Miguel y Diego viven juntos en el centro de La Habana. Miguel es un apático compasivo que cuida de Diego en casa y friega platos en un restaurante. Diego es un homosexual hedonista al que el sida dejó postrado en la cama. Son dos maduros rezongones que se aprecian desde hace mucho tiempo. A Miguel solo le interesa aprender inglés y señalar en un mapa las ciudades de Estados Unidos a las que quizá se vaya a vivir cuando le dejen salir de Cuba. A pesar de su situación, Diego sabe disfrutar de la vida e intenta pegar la hebra con cualquiera que se acerque a su cama. Los dos son muy distintos pero les une una amistad que debió fraguarse en complicidades lejanas.
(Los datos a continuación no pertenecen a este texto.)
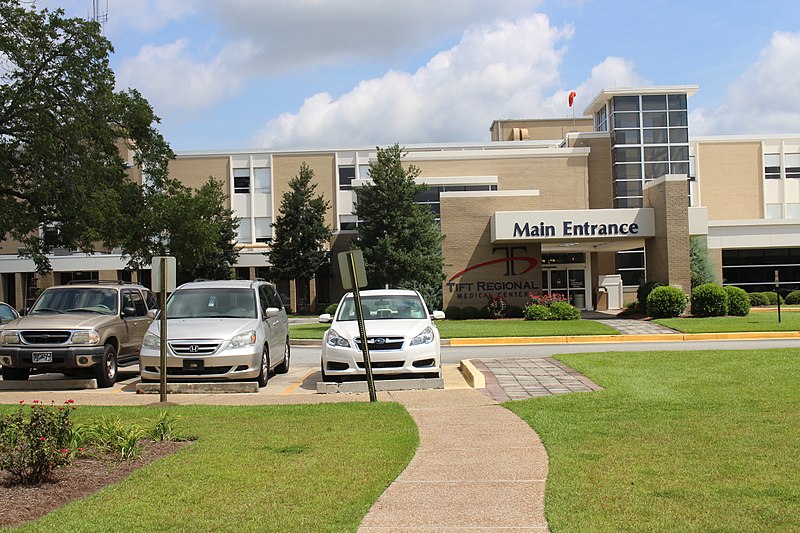 File:Tift Regional Medical Center.jpg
¿Quién no vio Fresa y Chocolate? ¿Quién no tiene un buen recuerdo de aquella película? Estas preguntas no tendrán la misma respuesta a propósito de Últimos días en La Habana cuando pasen los años. Y no porque esta joya no vaya a dejar un magnífico recuerdo en quien la haya visto, sino porque casi nadie habrá podido hacerlo. En Asturias no se ha llegado a estrenar. Y en Madrid solo se proyecta en esta sala. Eso es lo que sucede en un país que no sabe la fortuna que supone compartir una lengua y una cultura que no dejan de producir maravillas a los dos lados del Atlántico. Como lo es esta película que con la de Tomás Gutiérrez Alea compone un díptico memorable. Fresa y Chocolate era joven, crítica y en cierto modo esperanzada. Últimos días en La Habana es madura (ha pasado casi un cuarto de siglo), sosegada y algo más amarga. Pero en su contención destila una alegría profunda. La de la fascinación y el aprecio hacia unas gentes (esa adolescente deliciosa, ese jinetero conversador, esas buenas vecinas...) que componen un precioso retablo humano que aún hace aún más hermosa esta historia de empatía y amistad entre dos hombres maduros admirablemente interpretados por Jorge Martínez y Patricio Wood. Últimos días en La Habana es una película imprescindible en la que se habla ese delicioso español caribeño y en la que, entre los desconchones más hermosos del mundo, palpitan unos corazones con los que es muy difícil no sintonizar.